## Task statement
In the records below, the lines between the one holding "Salmon kebab dengan zucchini — Stok Foto" and the one holding "6597 Nicholas Blvd #401 — Photo 24", inclusive, are to be transcribed exactly; no pictures are to be included.

## The data

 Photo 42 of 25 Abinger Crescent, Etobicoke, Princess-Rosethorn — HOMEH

==

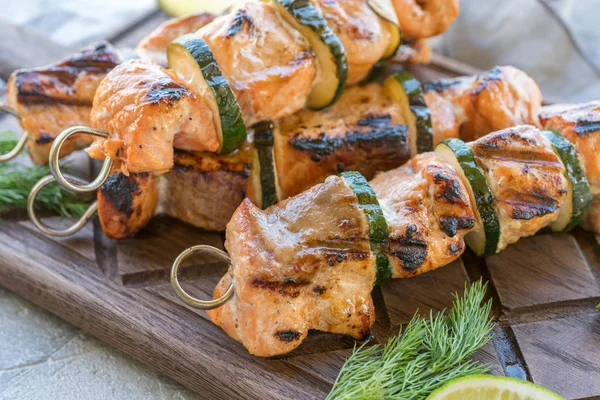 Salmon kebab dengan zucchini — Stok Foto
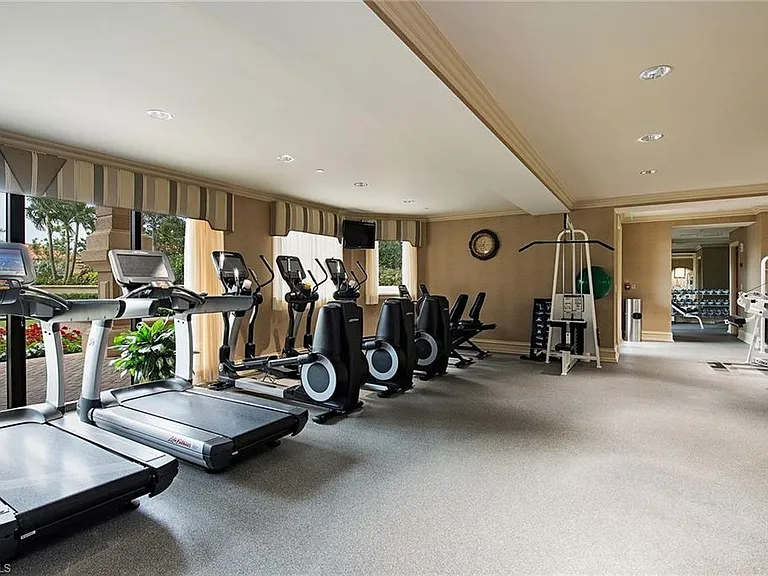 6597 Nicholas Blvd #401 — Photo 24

## Result for this task
 Salmon kebab dengan zucchini — Stok Foto
 6597 Nicholas Blvd #401 — Photo 24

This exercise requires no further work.